Lo que desde la oposición democrática se pide es una solución que pase por convocar al pueblo a un pronunciamiento electoral con todas las garantías normales de un proceso de esta naturaleza: nueva conformación del CNE, actualización del registro de electores, voto para los residentes en el exterior, eliminación de las inhabilitaciones, supervisión y vigilancia de organismos internacionales, acceso de la oposición a los medios públicos y privados, entre otros asuntos no menos importantes; es decir, que se restaure el Estado de derecho. Obviamente, esto requeriría un tiempo prudencial que llevaría el proceso hasta el mes de agosto como lo más cercano.
¿Cederán en todos estos pedimentos los representantes del gobierno en la negociación? ¿Los aceptaran las distintas facciones oficialistas? O ¿hay que dar la razón a los que dicen que ya es muy tarde para una solución convencional a la desventura venezolana?
Dada la experiencia es comprensible el escepticismo al respecto. Pero quienes estamos convencidos de que de esta calamidad hay que salir de la manera menos penosa posible, no nos queda otra que seguir apostando a un pacto negociado que le ahorre al país más dolor, hambre y perjuicios humanos y materiales. Debemos agotar todos los esfuerzos en tal sentido, porque la alternativa es el infierno. Que sea el gobierno el que quede en evidencia ante el mundo si por su posición absurda la negociación fracasa.

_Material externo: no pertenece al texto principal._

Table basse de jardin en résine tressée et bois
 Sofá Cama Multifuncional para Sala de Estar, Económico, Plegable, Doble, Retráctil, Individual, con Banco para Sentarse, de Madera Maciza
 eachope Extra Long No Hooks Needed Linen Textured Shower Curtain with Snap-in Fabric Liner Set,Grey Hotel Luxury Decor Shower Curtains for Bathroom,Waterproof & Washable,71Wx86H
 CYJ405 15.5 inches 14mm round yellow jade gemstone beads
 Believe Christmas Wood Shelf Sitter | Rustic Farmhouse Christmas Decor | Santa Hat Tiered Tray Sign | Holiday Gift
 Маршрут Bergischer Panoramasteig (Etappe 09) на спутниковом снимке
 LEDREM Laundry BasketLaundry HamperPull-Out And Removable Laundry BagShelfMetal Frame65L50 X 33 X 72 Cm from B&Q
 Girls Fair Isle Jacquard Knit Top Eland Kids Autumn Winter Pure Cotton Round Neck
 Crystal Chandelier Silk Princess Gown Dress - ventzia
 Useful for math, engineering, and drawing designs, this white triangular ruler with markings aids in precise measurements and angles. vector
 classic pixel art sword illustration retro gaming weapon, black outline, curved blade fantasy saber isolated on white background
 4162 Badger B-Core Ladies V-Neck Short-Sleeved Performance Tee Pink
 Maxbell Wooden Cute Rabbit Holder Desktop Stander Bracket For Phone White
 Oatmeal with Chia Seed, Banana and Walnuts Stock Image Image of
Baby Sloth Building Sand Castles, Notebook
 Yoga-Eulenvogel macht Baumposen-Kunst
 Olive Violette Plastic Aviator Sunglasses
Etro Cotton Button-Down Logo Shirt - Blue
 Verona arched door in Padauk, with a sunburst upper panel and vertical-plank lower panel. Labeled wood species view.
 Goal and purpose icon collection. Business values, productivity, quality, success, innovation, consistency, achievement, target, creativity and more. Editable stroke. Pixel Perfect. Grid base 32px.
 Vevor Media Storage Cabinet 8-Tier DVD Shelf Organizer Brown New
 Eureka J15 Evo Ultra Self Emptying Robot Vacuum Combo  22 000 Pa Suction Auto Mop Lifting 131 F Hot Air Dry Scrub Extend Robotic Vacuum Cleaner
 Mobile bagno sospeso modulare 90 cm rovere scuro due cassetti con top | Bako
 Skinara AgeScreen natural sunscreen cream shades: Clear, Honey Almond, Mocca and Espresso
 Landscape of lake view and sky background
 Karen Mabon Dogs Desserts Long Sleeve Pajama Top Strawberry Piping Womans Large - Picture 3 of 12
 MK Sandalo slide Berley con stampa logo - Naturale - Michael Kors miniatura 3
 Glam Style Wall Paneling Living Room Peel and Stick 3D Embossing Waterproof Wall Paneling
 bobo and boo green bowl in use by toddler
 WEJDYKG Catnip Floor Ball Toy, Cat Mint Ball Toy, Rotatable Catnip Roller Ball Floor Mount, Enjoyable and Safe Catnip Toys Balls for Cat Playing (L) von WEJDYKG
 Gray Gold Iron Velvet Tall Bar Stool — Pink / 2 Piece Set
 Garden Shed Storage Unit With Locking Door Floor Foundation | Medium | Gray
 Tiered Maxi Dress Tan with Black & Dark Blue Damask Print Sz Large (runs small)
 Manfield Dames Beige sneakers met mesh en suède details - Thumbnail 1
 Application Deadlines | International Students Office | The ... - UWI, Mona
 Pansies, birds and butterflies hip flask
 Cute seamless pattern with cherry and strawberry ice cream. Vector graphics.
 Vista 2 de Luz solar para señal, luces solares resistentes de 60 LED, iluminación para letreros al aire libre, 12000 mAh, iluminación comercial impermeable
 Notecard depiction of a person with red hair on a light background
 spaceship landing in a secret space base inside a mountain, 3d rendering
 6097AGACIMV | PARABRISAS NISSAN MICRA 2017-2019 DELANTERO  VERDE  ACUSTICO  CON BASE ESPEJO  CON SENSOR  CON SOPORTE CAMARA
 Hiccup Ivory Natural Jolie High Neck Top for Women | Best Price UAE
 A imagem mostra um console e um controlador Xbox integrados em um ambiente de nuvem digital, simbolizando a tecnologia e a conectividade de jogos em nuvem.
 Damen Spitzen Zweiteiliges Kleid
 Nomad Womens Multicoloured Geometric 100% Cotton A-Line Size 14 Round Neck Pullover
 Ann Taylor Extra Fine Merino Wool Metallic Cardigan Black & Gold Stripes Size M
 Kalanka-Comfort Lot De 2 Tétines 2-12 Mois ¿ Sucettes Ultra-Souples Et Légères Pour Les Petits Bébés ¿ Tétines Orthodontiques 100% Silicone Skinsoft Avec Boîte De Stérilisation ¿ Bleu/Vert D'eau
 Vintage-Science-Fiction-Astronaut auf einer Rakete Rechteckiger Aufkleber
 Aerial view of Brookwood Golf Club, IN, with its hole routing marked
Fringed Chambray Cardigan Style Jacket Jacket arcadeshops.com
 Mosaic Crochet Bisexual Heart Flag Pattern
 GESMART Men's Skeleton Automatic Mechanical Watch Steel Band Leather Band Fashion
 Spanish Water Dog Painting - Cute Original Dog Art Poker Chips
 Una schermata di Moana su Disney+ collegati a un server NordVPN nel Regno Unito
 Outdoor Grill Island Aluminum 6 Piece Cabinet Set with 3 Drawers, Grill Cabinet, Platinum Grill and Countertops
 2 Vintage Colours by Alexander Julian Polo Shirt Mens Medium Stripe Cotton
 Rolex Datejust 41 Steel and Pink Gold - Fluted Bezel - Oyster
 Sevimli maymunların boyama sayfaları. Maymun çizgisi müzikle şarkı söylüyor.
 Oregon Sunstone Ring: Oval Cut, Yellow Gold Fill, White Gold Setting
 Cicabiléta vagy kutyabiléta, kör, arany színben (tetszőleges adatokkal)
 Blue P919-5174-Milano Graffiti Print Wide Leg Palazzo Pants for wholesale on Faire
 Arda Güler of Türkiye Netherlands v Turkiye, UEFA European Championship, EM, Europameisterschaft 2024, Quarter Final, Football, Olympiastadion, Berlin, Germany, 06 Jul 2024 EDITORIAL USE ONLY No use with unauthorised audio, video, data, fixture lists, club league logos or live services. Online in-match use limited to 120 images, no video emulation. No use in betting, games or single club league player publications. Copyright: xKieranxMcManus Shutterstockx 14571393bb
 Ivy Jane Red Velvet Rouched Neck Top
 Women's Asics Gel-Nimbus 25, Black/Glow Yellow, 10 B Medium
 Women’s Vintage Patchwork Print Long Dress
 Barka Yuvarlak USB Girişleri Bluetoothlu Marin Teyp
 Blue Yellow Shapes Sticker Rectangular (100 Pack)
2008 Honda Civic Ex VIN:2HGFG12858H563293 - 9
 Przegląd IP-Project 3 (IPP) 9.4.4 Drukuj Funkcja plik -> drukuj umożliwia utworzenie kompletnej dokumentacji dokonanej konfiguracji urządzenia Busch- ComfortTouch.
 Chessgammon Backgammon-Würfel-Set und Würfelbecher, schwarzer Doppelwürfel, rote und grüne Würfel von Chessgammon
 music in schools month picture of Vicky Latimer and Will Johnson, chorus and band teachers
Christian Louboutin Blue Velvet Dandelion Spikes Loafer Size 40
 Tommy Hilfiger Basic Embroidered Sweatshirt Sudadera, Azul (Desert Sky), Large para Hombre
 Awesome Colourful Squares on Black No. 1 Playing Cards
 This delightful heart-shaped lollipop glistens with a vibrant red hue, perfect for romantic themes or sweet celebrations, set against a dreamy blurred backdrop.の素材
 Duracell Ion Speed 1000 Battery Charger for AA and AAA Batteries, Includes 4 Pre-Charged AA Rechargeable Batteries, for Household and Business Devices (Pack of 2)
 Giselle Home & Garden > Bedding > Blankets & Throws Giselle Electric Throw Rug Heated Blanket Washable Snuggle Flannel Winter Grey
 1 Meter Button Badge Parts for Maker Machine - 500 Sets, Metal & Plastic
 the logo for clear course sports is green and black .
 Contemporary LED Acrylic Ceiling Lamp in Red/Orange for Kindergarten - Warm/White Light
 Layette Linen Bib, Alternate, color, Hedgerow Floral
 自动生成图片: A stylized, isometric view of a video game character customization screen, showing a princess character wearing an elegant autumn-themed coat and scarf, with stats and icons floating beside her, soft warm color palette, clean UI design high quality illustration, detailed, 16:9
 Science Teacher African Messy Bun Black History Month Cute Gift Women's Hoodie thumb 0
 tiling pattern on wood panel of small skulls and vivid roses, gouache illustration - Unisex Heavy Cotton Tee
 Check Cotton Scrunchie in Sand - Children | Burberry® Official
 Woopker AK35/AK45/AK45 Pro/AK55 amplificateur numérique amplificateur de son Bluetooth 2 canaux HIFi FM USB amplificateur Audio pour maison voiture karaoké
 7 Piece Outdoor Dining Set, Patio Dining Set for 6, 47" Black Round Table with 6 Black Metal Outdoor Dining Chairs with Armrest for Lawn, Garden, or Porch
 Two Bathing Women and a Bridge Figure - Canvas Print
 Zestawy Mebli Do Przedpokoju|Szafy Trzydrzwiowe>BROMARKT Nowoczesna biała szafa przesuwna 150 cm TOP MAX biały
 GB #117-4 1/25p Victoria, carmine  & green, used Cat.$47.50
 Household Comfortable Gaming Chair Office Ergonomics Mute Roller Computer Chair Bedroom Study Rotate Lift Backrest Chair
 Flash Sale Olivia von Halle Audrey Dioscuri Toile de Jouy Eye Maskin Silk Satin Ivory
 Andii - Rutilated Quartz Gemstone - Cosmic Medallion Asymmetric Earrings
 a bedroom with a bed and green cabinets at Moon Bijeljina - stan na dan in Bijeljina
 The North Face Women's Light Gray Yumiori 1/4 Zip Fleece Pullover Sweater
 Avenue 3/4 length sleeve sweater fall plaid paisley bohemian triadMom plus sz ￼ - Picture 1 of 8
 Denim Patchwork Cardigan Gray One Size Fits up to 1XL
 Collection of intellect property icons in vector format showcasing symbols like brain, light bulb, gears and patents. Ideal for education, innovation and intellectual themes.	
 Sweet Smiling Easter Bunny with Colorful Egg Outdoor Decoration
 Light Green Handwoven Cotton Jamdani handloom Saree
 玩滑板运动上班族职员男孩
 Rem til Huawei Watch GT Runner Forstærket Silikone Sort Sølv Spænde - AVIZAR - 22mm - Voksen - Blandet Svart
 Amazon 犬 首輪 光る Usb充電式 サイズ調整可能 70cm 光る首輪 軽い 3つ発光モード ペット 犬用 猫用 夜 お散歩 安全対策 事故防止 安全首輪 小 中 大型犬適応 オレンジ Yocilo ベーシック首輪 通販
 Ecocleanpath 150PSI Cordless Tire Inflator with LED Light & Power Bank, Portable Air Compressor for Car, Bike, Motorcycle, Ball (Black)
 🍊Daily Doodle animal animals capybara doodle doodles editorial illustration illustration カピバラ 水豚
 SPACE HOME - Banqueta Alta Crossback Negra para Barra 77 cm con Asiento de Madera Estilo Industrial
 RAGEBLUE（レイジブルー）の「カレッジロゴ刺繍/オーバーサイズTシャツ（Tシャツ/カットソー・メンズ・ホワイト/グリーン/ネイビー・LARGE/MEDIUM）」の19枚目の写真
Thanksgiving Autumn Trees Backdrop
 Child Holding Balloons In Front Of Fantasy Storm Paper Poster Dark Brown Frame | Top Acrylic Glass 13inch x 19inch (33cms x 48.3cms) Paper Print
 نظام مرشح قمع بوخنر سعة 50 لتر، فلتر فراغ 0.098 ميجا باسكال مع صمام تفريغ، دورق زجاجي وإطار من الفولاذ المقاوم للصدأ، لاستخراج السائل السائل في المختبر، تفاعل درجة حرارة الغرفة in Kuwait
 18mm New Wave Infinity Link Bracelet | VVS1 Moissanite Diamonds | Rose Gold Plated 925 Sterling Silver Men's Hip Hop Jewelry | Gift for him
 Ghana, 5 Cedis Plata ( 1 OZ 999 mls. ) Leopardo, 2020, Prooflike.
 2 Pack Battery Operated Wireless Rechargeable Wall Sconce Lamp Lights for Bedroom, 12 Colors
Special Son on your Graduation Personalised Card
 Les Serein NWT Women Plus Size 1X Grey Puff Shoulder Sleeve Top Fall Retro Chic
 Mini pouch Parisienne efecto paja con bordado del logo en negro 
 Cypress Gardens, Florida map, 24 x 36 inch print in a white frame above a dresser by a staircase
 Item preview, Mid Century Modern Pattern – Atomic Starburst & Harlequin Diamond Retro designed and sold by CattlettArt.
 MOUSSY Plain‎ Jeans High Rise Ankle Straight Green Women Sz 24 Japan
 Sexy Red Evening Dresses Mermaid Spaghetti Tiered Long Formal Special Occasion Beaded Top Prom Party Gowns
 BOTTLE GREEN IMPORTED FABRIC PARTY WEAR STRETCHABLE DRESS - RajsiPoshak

En estos días, las semanas que vienen o más adelante, inexorablemente nos tendremos que sentar en una mesa de negociación, los mismos negociadores u otros, seguro en condiciones peores, pero ese es el camino pacifico. Esperamos que la senda de la reconstrucción nacional se abra sin más demoras y que la oposición sepa afrontar cualquier escenario de manera unida.